船人がライン河畔の岩の上で歌う妖女の歌声に魅せられて聞いているうちに、船が淵に飲み込まれて難破してしまうという伝説を歌ったハイネの詩にジルヘルが曲をつけ、それに詩の部分を近藤朔風が翻訳して女性唱歌集に入れたことがはじまりで、この歌は、戦前は主に女学校で歌われたと思われるが、戦後は新制中学校の音楽教科書にはじまり、長年に亘って中学校の音楽教科書に掲載されてきた歌である。
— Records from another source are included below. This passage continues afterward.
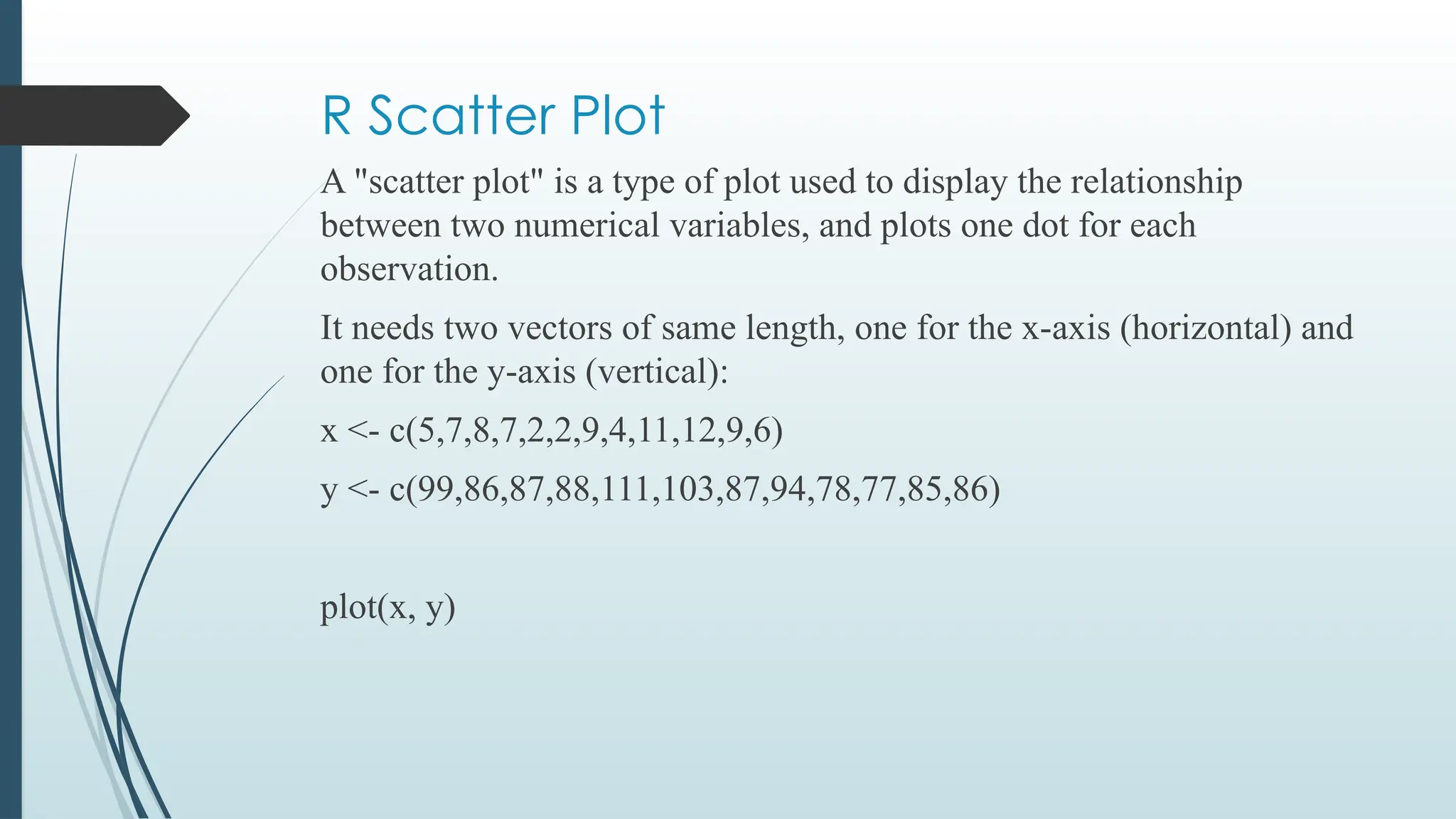R Scatter Plot
A "scatter plot" is a type of plot used to display the relationship
between two numerical variables, and plots one dot for each
observation.
It needs two vectors of same length, one for the x-axis (horizontal) and
one for the y-axis (vertical):
x <- c(5,7,8,7,2,2,9,4,11,12,9,6)
y <- c(99,86,87,88,111,103,87,94,78,77,85,86)
plot(x, y)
ハイネ(Christian Johann Heinrich Heine 1797〜1856) 19世紀ドイツ最大の詩人の一人
詩・紀行文集「旅の絵」 、詩集「歌の本」、評論「ロマン派」、「ドイツ宗教哲学史」、「ドイツ、冬物語」、晩年詩集「ロマンッェーロ」等の著作が残されている。
ジルヘル(英語読みはジルヒャー)(Silcher,Fridrich 1789〜1860)
ドイツの民謡収集家、作曲家
1806年に音楽教師の仕事をはじめ、ウエーバーとの出会いをきっかけに音楽家の道をめざすようになった。1817年にチュービンゲン大学の音楽監督になってから、1829年に男性合唱団、1839年には混声合唱団を設立して演奏活動を行う。1852年名誉哲学博士。ぺスタロッチとネーゲリの思想に共鳴し、その教育理念を大衆音楽教育として実践。存亡の危機に瀕していた民謡を収集・編曲活動を通じで救出し、家庭音楽やアマチュア・コーラスのレパートりーとして新しい命を与えた。ウエーバー、メンデルスゾーン、シューマン等の作品を参考に、世に出した約250曲の歌曲や多くの合唱曲(編曲)の中には、今なお歌われているものもある(ローレライなど)。ほかに教会用合唱曲、鍵盤楽器のための作品等が残されている。
近藤朔風(1880〜1915) 訳詩家
東京外国語学校を卒業。明治36年、この外国語学校在学中に 東京音楽学校でオペラを上演した際に、翻訳を担当したと言われている。その後「音楽新報」誌上に西洋歌曲の訳詩を次々に発表したが、当時、「
ローレライ」は名訳として評価されていたという。外国語学校では英語を選考したが、後にドイツ語に転じ、イタリヤ語も勉強していたし、美術学校や音楽学校にも通っていたといわれている。